Essay Sample on The Holocaust In Elie Wiesel's Night

📌Category: Books, History, Holocaust, Night
📌Words: 529
📌Pages: 2
📌Published: 14 March 2022

Elie Wiesel’s famously renowned novel, “Night,” is a story about the dreadful life of living in one of the death camps in World War 2. At the time, when Elie was sent to his first death camp, he was at the age of 15. The death camp he went to was named Auschwitz, which was in occupied southern Poland. The death rate in Auschwitz was around 1.1 million out of 1.3 million, which is 85% of how many people were there. It has also been estimated that around 6,000 Jews died every single day. He claims the smell of the bodies burning was something he could never forget in the time he spent there. Another thing he noted was everything inside of the novel were the things he could never forget.  
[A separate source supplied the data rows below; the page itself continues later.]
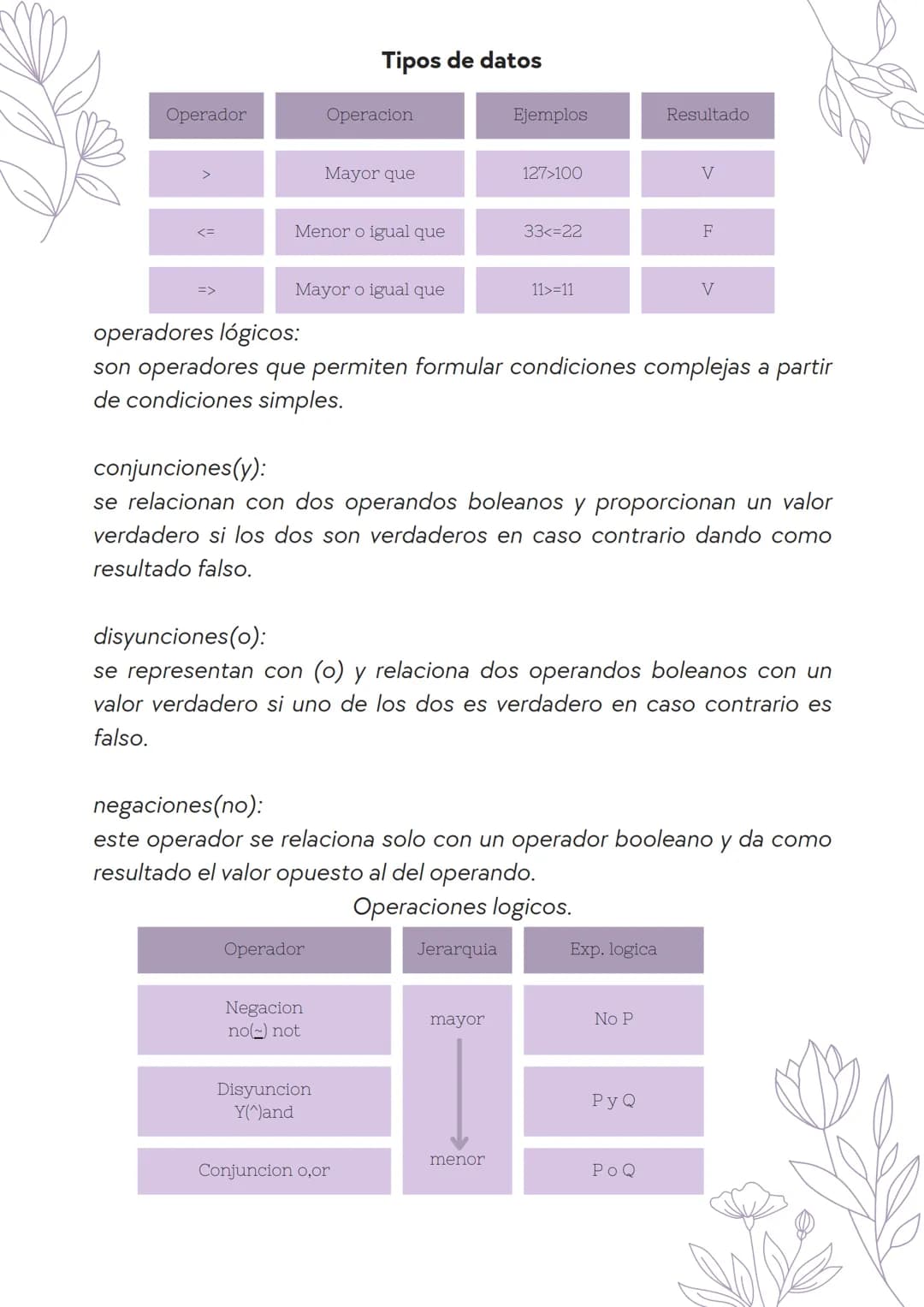 1 semestre
METODOLOGÍA
DE LA PROGRAMACIÓN
"PRIMERO RESUELVE EL
PROBLEMA, DESPUÉS
ESCRIBE EL CÓDIGO" Índice
1
Pseudocódigos
3-11
2
Estructura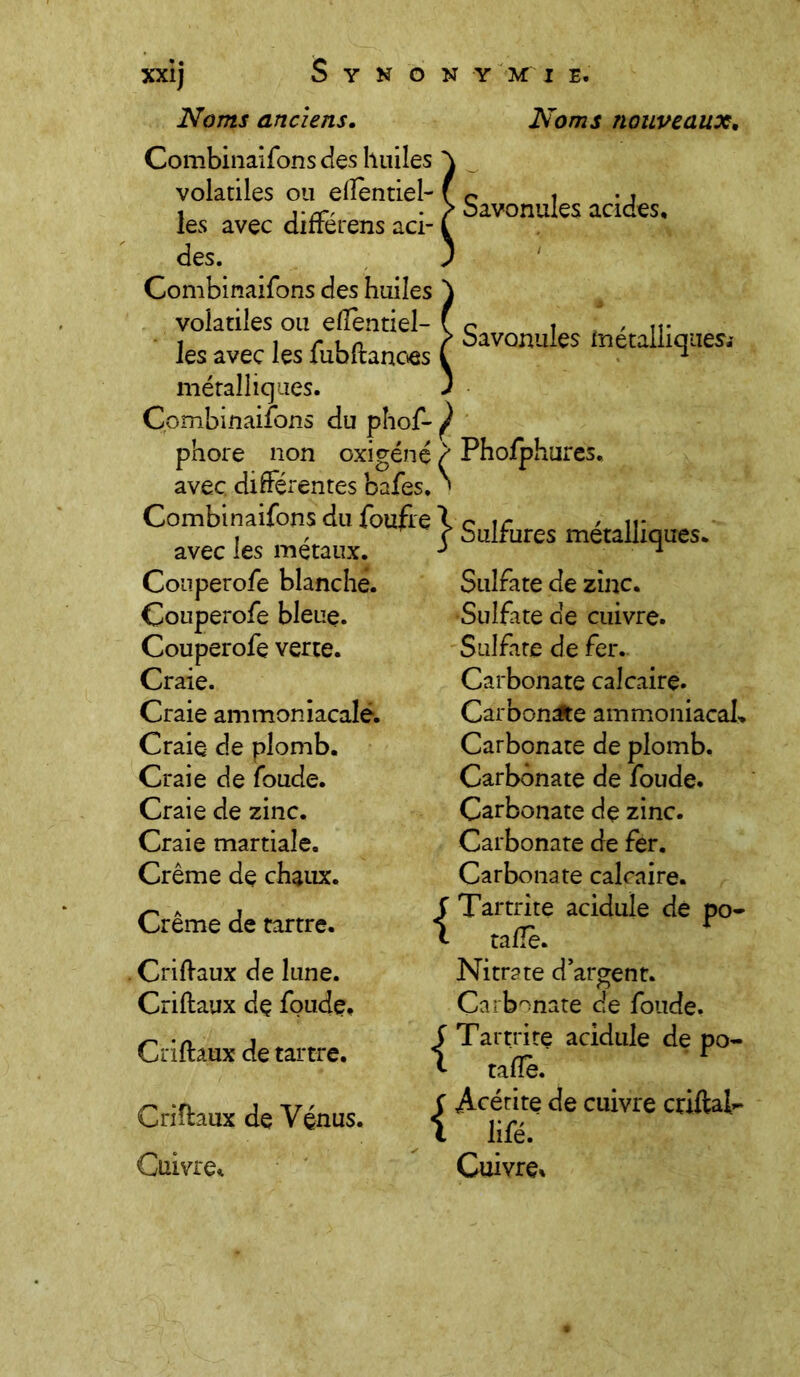 Noms anciens. Combinaifons des huiles volatiles ou effentiel- les avec différens aci- des. Combinaifons des huiles volatiles ou effentiel- les avec les fubffanoes métalliques. Combinaifons du phof- ^ phore non oxigéné / Phofphures. avec différentes bafes. ^ Combinaifons du foufre X Sulfures avec les métaux. J ^ Couperofe blanche. Noms nouveaux, Savonules acides. Savonuîes métalliques.' Çouperofe bleue. Couperofe verte. Craie. Craie ammoniacale. Craie de plomb. Craie de foude. Craie de zinc. Craie martiale. Crème de chaux. Crème de tartre. Criffaux de lune. Criftaux dç foude, Criffaux de tartre. Criffaux de Vénus. Cuivre* Sulfate de zinc. Sulfate de cuivre. Sulfate de fer. Carbonate calcaire. Carbonate ammoniacal. Carbonate de plomb. Carbonate de foude. Carbonate de zinc. Carbonate de fer. Carbonate calcaire. C Tartrite acidulé de po- l taffe. Nitrate d'argent. Carbonate de foude. {Tartrite acidulé de po- taffe. f Acérite de cuivre caftais 1 lifé. Cuivre*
Auschwitz was described as brutal, dangerous, and pure hell to stay in. People who were interviewed, even after 80 years, still could not forget what it felt like to be in the camp. Elie felt the same way. In the terrible Auschwitz concentration camp, Eli faced many horrors. He had to witness his dad dying, witness people thrown into human-sized furnaces, go on death marches, and he was tortured by the Nazis nearly every day for simple mistakes. He began to no longer believe in his religion. He said that he felt as if he lost all his faith. In the novel, Elie Wiesel said; “The Kapos were beating us again, but I no longer felt the pain.” This event describes how he completely lost hope and no longer felt anything. 

People who were in Auschwitz, or any death camps, felt like Elie did. They all felt as if they were animals, which was even said in interviews. Elie noted that he looked in the mirror after 11 months in Auschwitz. He described himself as a corpse. He had been starved, abused, and scarred. He was completely stripped of his normal life, now just feeling as if he had no place in the world. Elie really did feel like a lifeless corpse.  

Another way people suffered in the death camps, apart from being gassed or burned, were experiments. The Nazis tested on the Jews very cruelly with various things. Most experiments were meant to develop treatments for various things. It may sound like a harmless thing to do, but how they tested them had malicious intent. They tested if the Jews could survive mustard gas, phosgene, and other things. Nearly every single test subject died. There are multiple documentaries on this topic, an example being the twin experiments. 

The things that Elie Wiesel and others faced were traumatizing. The holocaust is one of the most recognized events in history, and for an exceptionally great reason. Even though the holocaust was a petite part of World War 2, we still never forget it. World War 2 killed at least 85,000,000 people (about twice the population of California), and 6,000,000 died in just the holocaust. That is around 7% of the entirety of all who had died. 1.5 million of the 6 million were also children. The very disappointing thing was that only 10% of the Germans who worked at the camps were put on trial, and practically none of them were sentenced jail time. All of the camps were truly horrible, and it is sad to know that we treated regular humans as if they were dogs.